> [Stored data]:
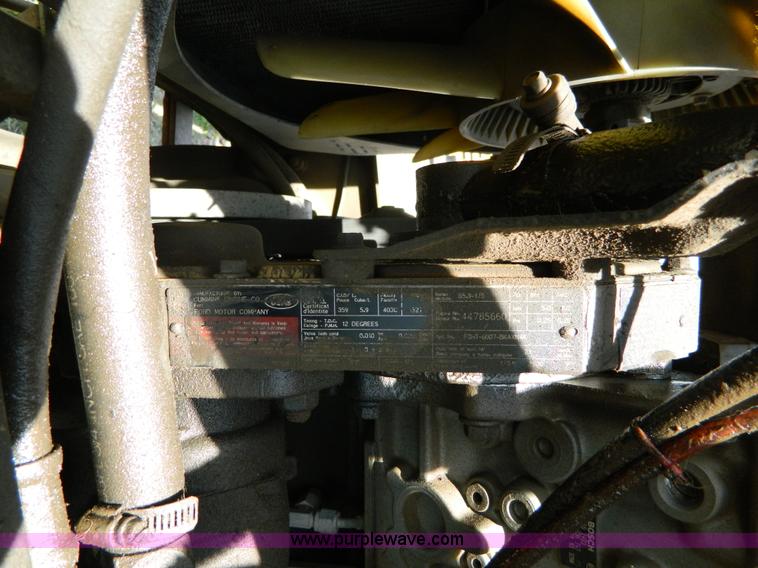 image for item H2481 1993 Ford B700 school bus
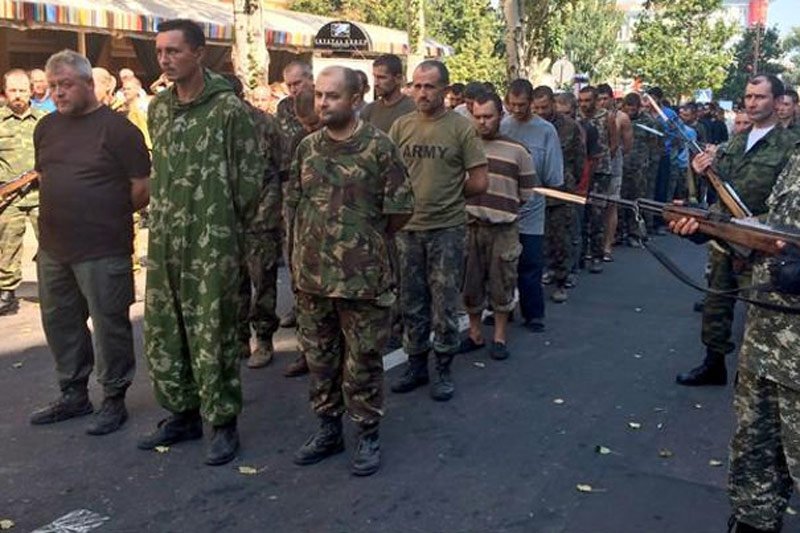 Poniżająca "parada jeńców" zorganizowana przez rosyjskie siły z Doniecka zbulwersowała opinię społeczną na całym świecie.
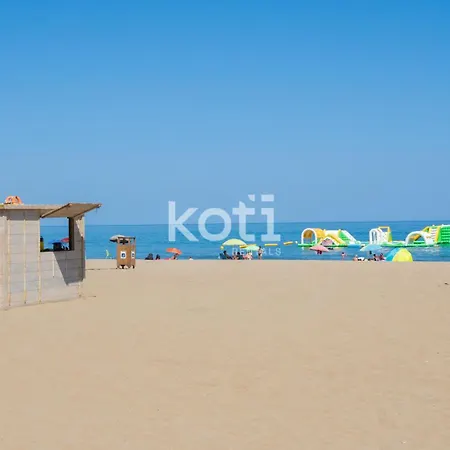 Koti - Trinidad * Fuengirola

> [Goal of the exercise]:
What this calls for is the material above set down exactly, pictures excluded.

> [Completed task]:
 image for item H2481 1993 Ford B700 school bus
 Poniżająca "parada jeńców" zorganizowana przez rosyjskie siły z Doniecka zbulwersowała opinię społeczną na całym świecie.
 Koti - Trinidad * Fuengirola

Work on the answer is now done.